The two were matched in an unusual partnership between Tufts and Project STEP (String Training Education Program), an enrichment program that provides classical music training to talented middle and high school students from the Boston area. O’Connell, a graduate student in music composition, is one of four Tufts students who composed short pieces for Project STEP students this year.
“Do you prefer tonal or atonal music?” continues O’Connell. Diaz says she is comfortable with both, and that she likes music in a minor key.

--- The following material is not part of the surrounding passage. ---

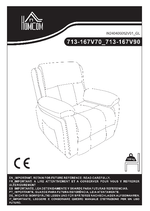img-76952e05-b844-4897-821e-05be629b9d63.png
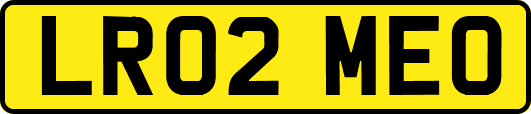 LR02MEO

It’s useful information for the young composer—he will keep it all in mind as he writes the piece for Diaz to perform in the Symphony Hall classroom for parents and friends.

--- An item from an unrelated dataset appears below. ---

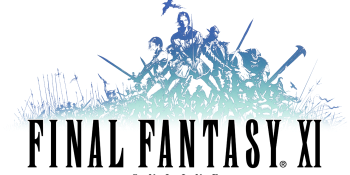 Final Fantasy XI is somehow coming to mobile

“This is an amazing opportunity for our composition students to get off campus and engage with a musical community they might not otherwise meet,” says Shawn Jaeger, a lecturer in composition at Tufts who led the partnership this past year. “Our student-composers learn how to develop a rapport with a collaborator they’ve never met before, and create a piece that is tailored to the technical capabilities and musical interests of the performer.”
Javier Caballero, artistic director of Project STEP, sees similar relevance for the young performers. The collaboration, he says, helps bolster the young students’ confidence in playing new music, which they often perceive as difficult and scary.
“They feel that they’ve earned a badge of courage,” he says. And in the future, if they’re offered the chance to work with a living composer, “they won’t fear it. They will say, ‘Yes, that piece will be something I can own.’ ”
Music professor John McDonald started the Tufts/Project STEP partnership in 2015, after being approached by Lois Shapiro, a member of the ensemble Triple Helix and a faculty member at Wellesley College; she imagined that pairing two sides of the music equation—young performers with aspiring composition students—could be a powerfully creative experience.
He needed no convincing. “I love doing things with students rather than saying, do this, do that,” says McDonald, who adds that the program will continue anew in spring 2017 under the direction of music lecturer Eun Young Lee. “This kind of encounter takes us composers outside of ourselves. You have to make adjustments—you move it up an octave, or you add substance by adding another note or strengthen by removal. You learn.”
Slurs and High C's
A few weeks after that initial meeting last spring, O’Connell opens his laptop to show a reporter his composition in progress. Each composer’s piece is one to two minutes at most—“musical portraits,” as Jaeger calls them.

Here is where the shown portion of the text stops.